> _Input for this task_:
● ● ● ● ●

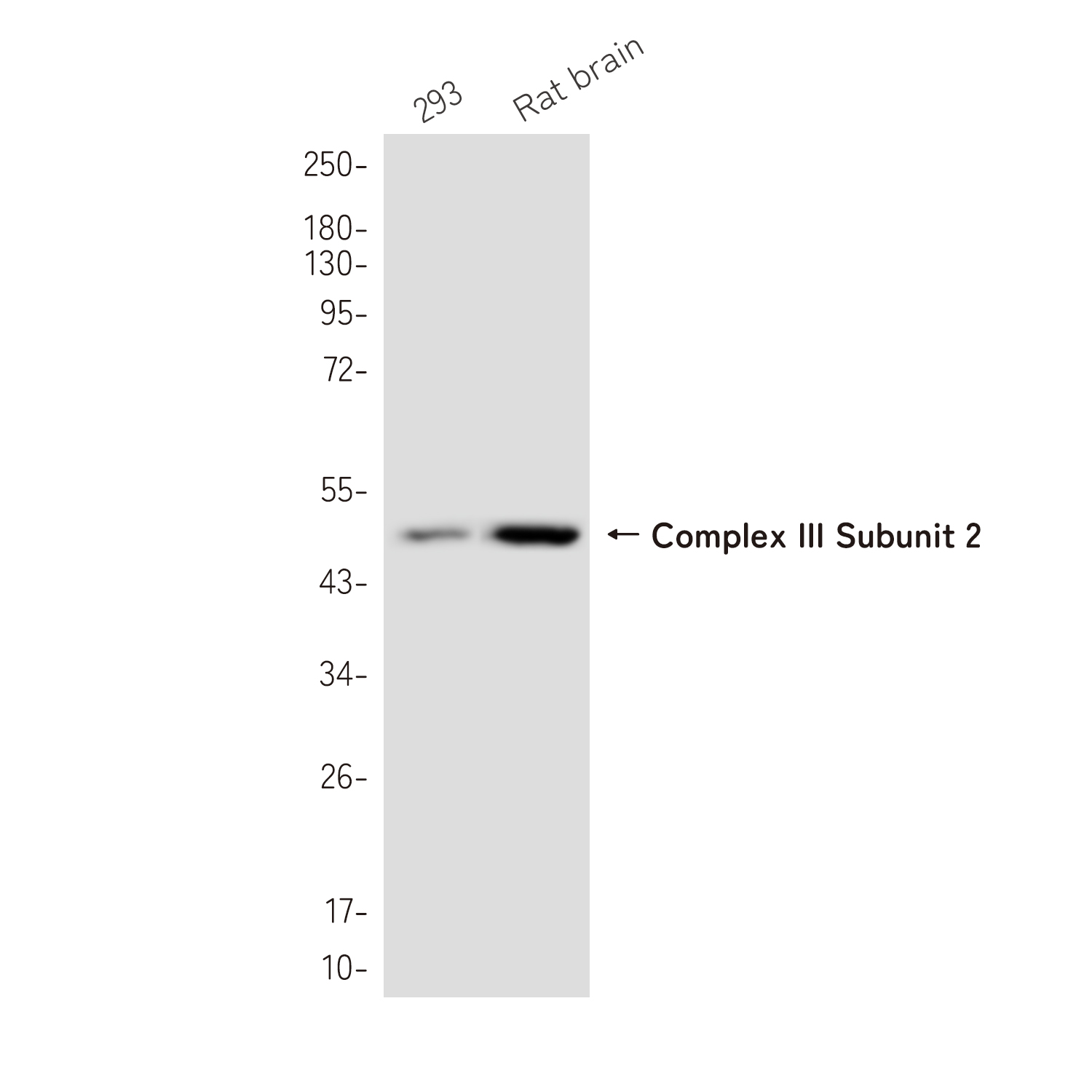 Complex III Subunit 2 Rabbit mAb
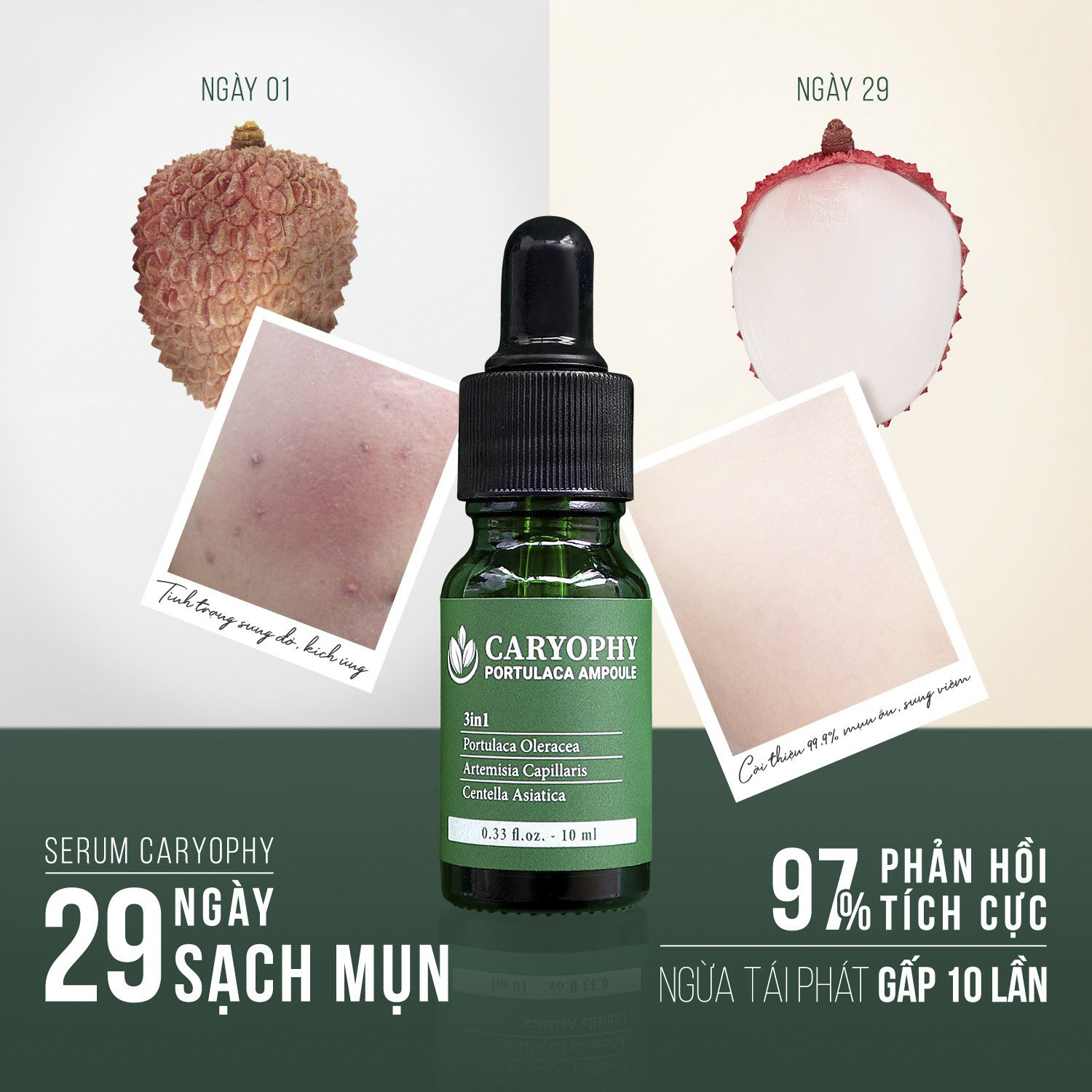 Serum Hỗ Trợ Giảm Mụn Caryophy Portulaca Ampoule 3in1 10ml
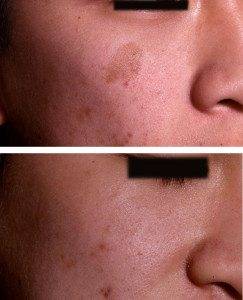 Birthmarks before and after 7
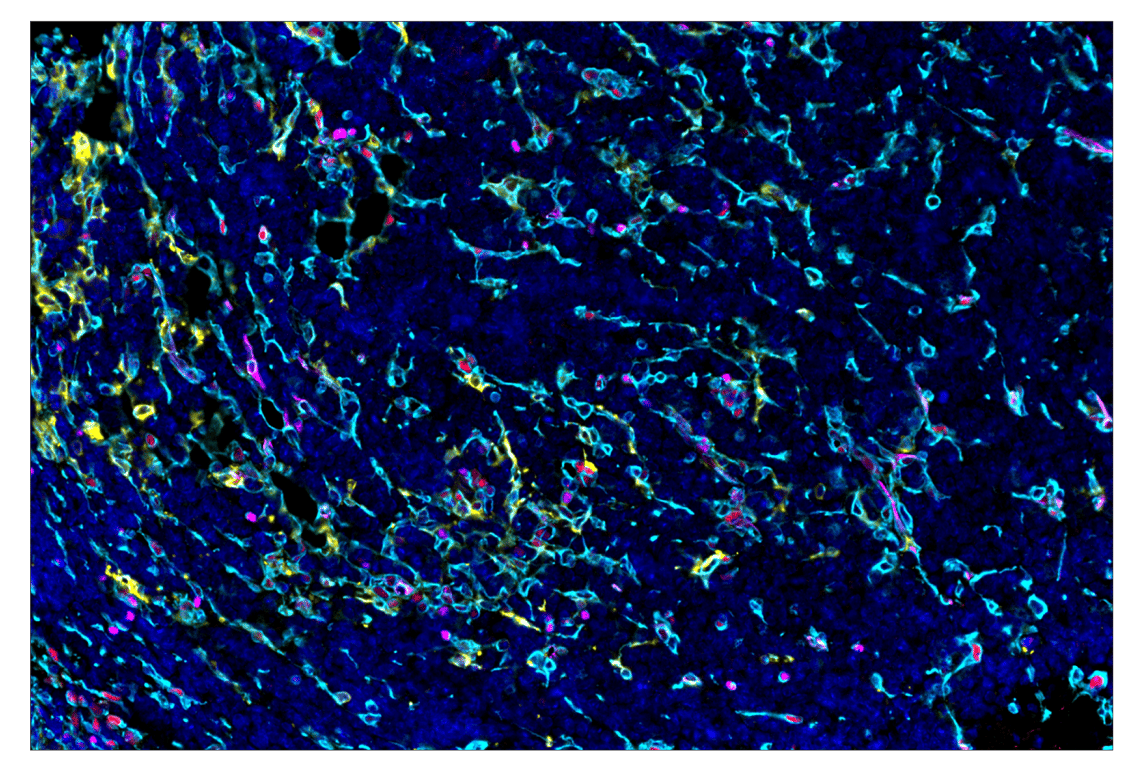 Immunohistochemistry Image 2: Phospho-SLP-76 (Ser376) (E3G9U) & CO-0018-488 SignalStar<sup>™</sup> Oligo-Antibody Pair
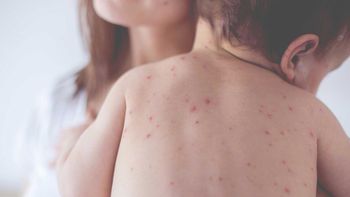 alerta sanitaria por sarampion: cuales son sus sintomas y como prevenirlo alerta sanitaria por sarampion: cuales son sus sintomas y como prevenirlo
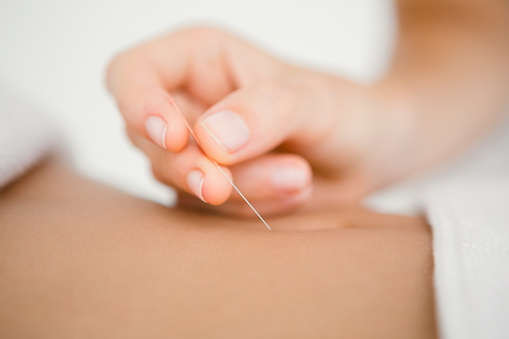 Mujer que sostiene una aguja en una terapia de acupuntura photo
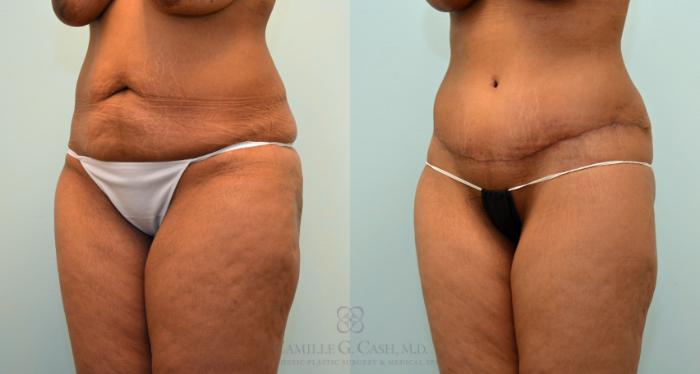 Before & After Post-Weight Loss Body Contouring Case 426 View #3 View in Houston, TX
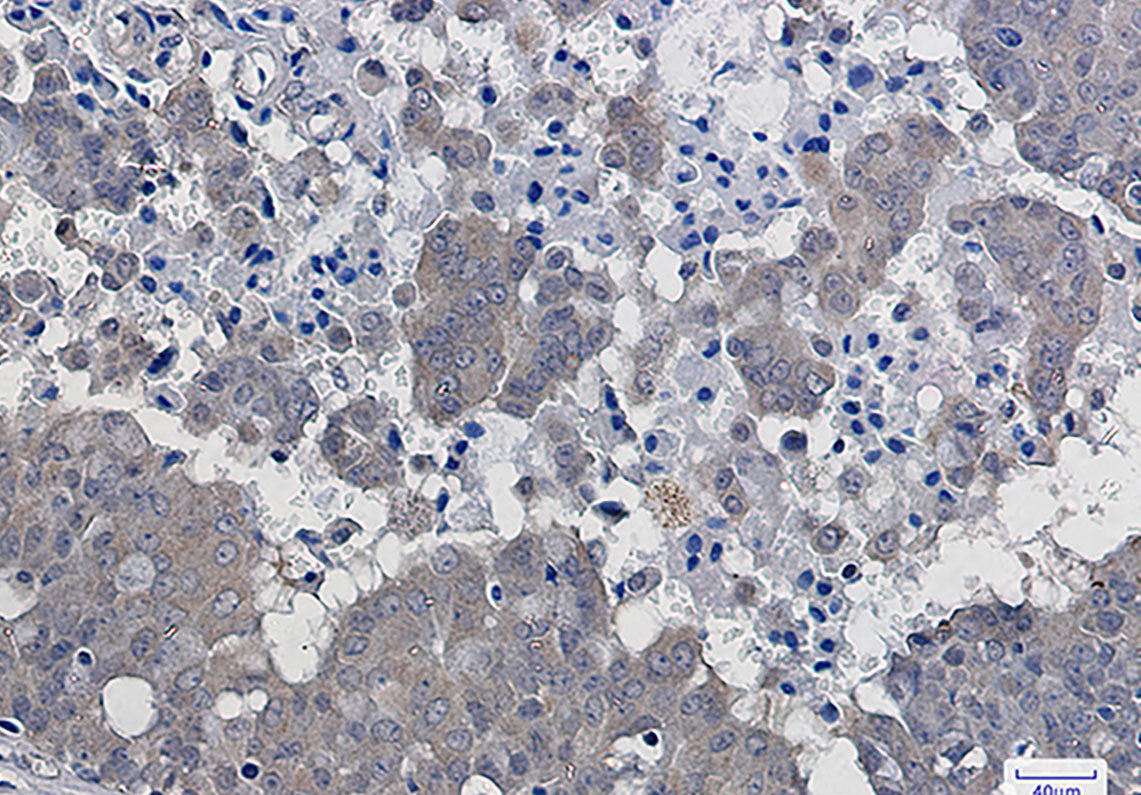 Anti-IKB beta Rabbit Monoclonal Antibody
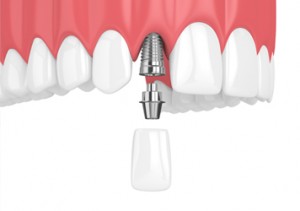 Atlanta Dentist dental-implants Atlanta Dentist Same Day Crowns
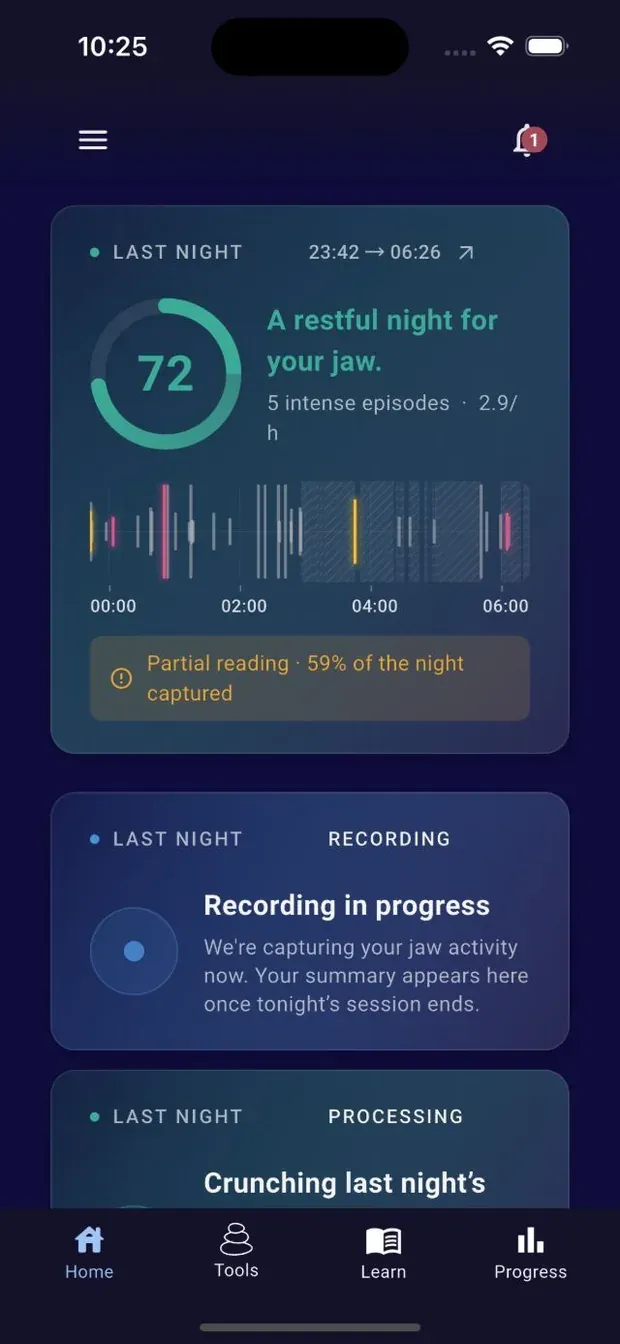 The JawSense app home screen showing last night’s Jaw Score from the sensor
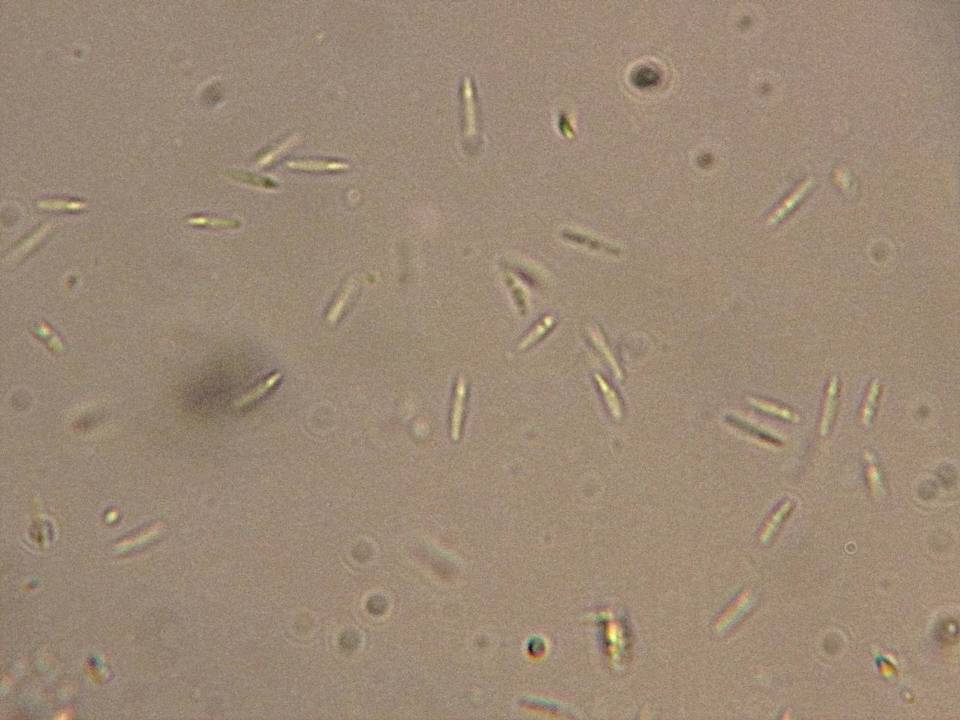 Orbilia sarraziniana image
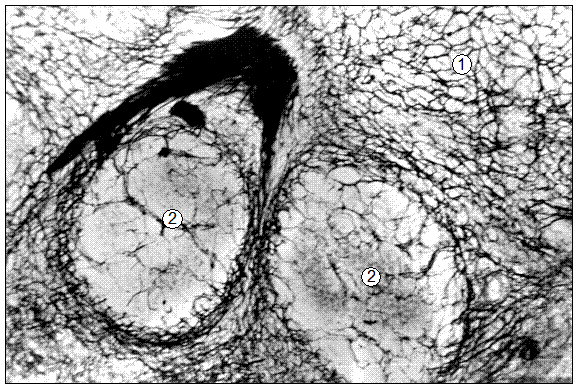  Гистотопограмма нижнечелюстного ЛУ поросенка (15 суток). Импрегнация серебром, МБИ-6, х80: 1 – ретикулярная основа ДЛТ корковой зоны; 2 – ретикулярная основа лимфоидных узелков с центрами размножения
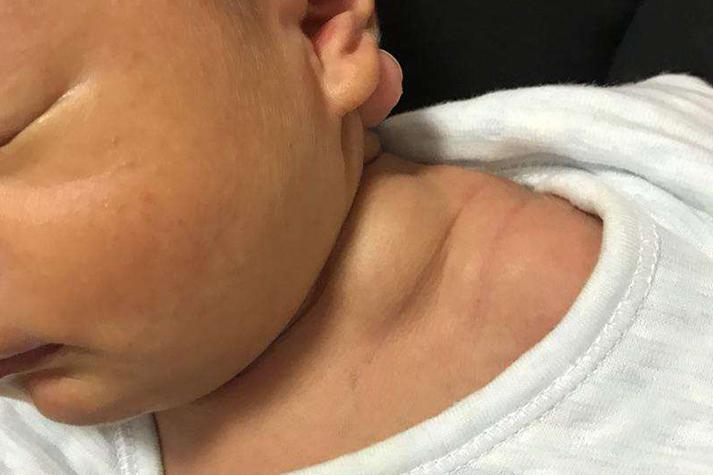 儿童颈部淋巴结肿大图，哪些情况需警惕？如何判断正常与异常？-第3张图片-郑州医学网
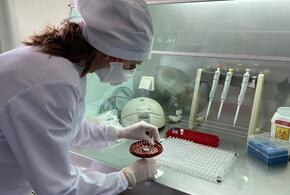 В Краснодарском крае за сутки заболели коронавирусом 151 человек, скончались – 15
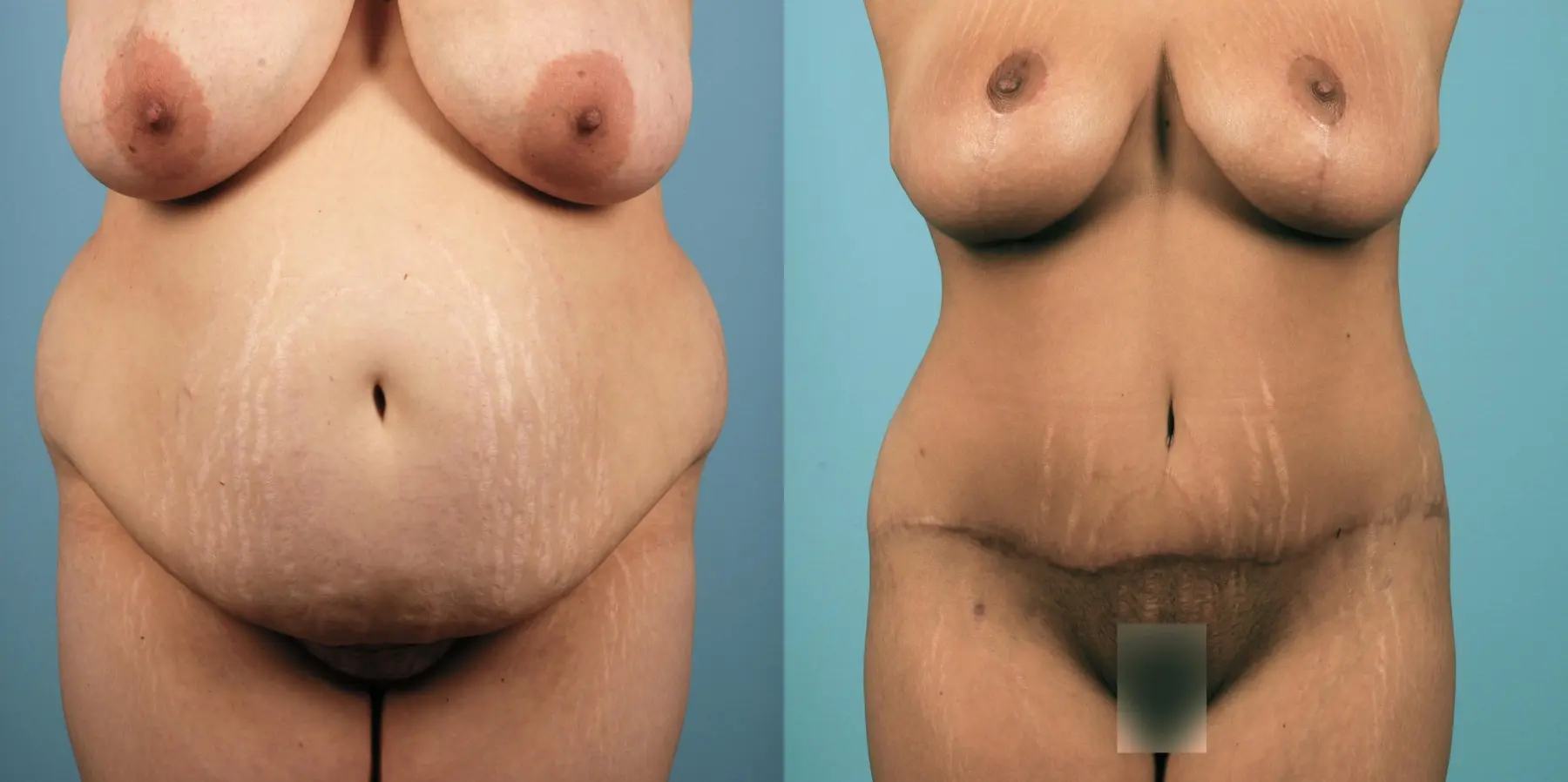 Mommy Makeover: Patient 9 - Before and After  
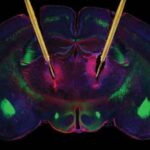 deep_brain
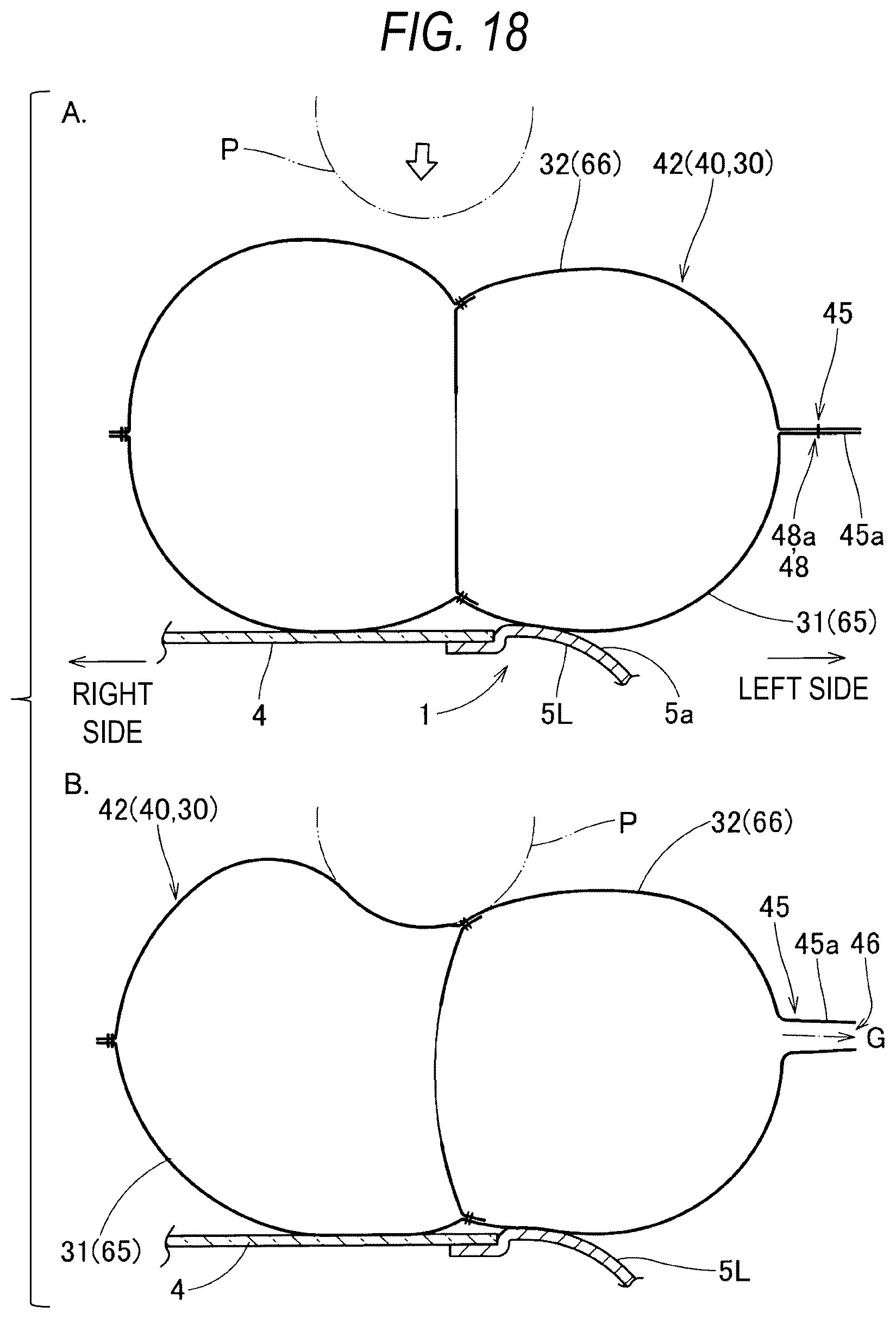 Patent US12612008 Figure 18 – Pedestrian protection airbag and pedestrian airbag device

● ● ● ● ●

> _Task requirements_: The required result is an exact copy of the lines from the line containing "В Краснодарском крае" through the end of the entries, with every picture left out.

> _Response below_:
 В Краснодарском крае за сутки заболели коронавирусом 151 человек, скончались – 15
 Mommy Makeover: Patient 9 - Before and After  
 deep_brain
 Patent US12612008 Figure 18 – Pedestrian protection airbag and pedestrian airbag device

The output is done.